→ **What you have to do**
As soon as the line containing "2023 Land Rover" appears in the material below, start returning lines exactly, and end with the line containing "Haut caraco en".

→ **Source material**
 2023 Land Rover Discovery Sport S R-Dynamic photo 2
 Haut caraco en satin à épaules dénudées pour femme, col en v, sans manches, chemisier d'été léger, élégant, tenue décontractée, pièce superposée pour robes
---
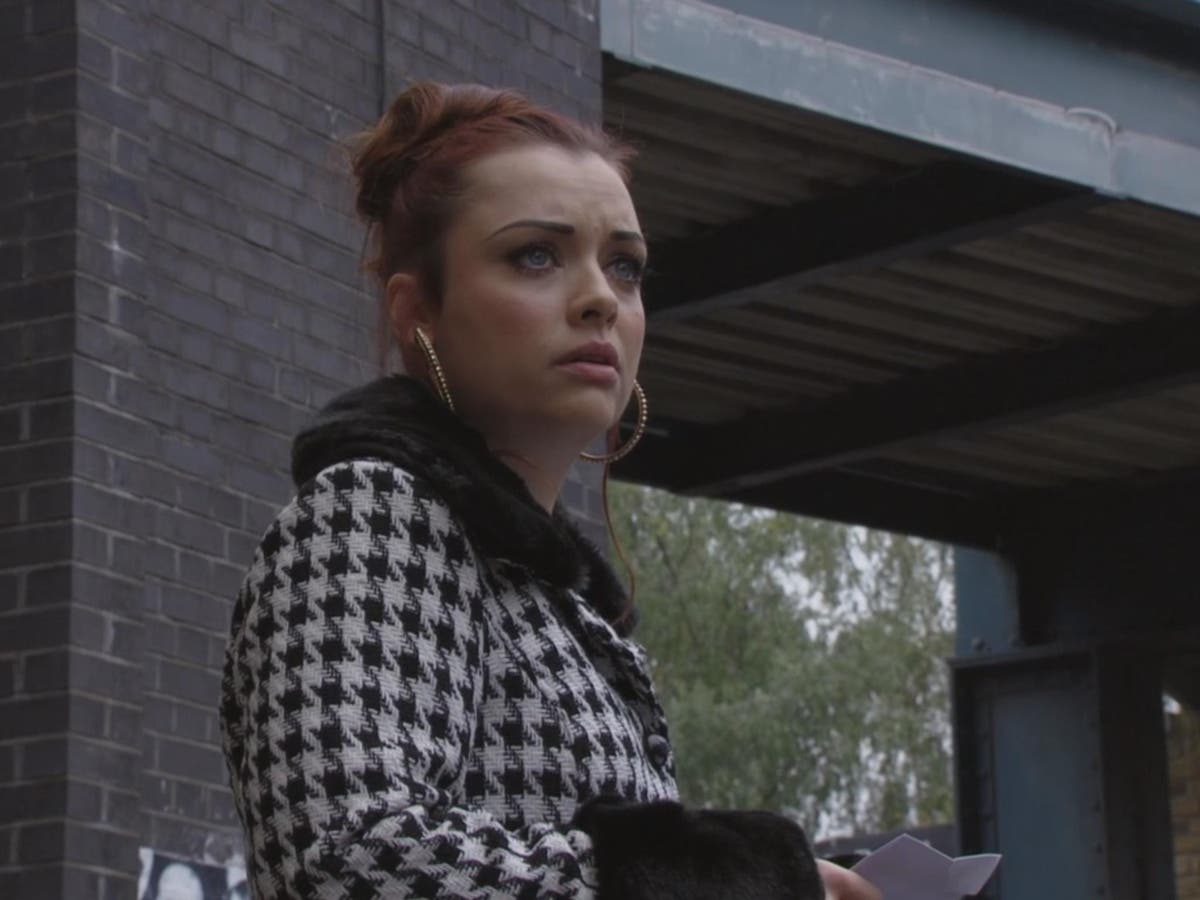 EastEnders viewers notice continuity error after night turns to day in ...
...
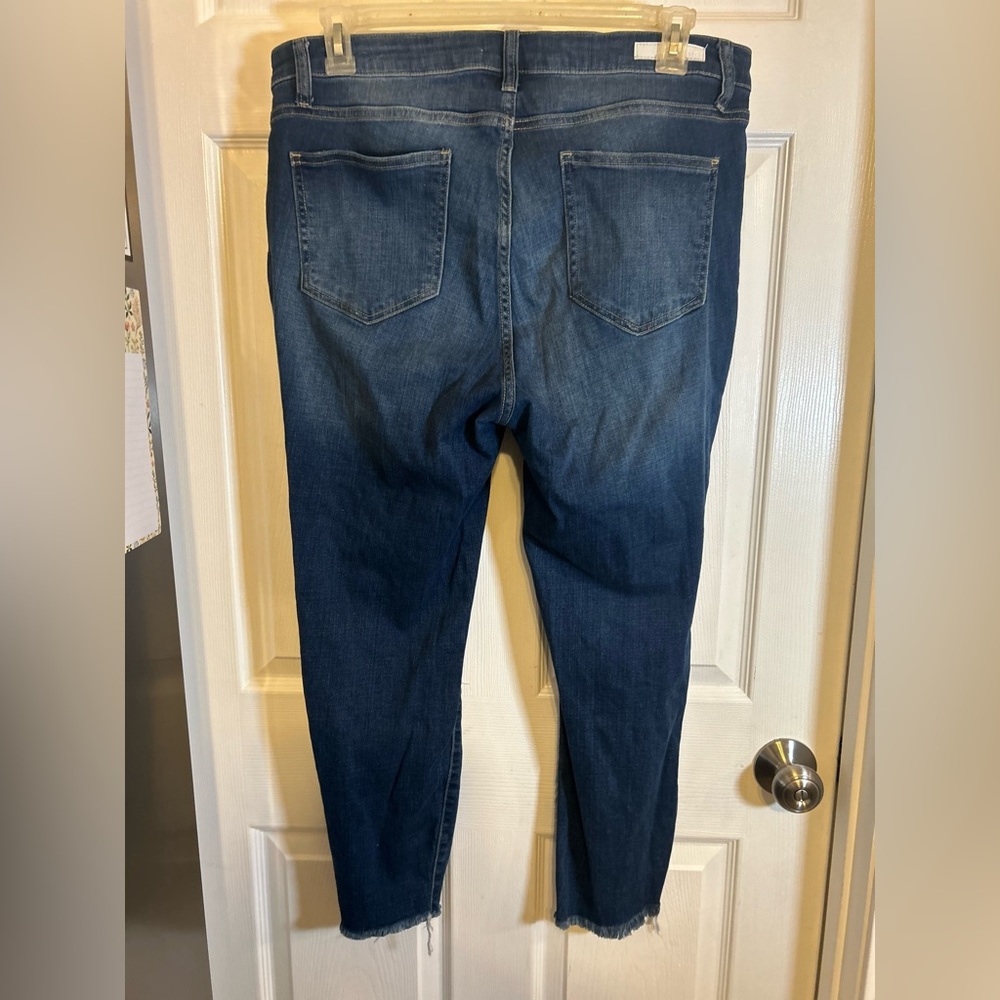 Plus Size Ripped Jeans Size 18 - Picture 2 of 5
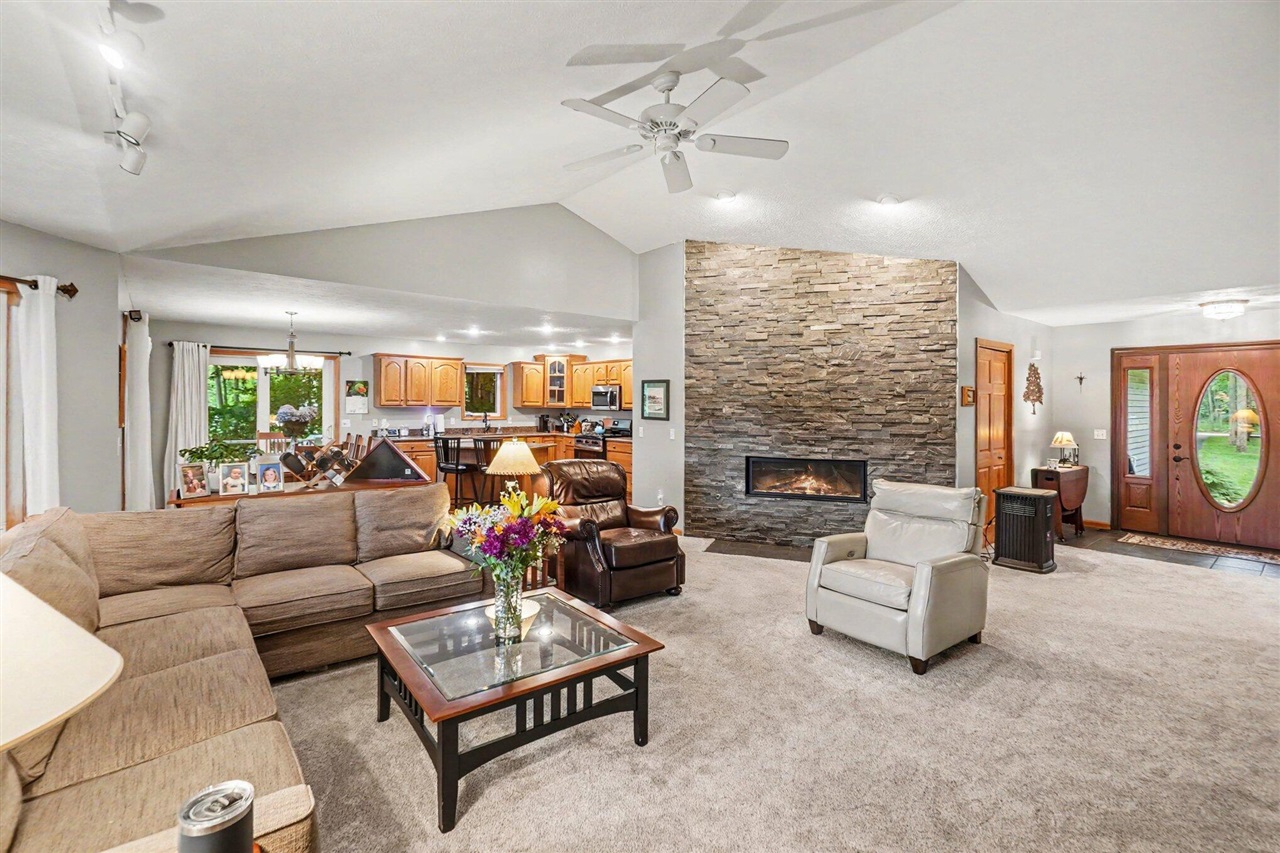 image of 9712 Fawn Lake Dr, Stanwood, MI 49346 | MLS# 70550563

→ **Result for this task**
 2023 Land Rover Discovery Sport S R-Dynamic photo 2
 Haut caraco en satin à épaules dénudées pour femme, col en v, sans manches, chemisier d'été léger, élégant, tenue décontractée, pièce superposée pour robes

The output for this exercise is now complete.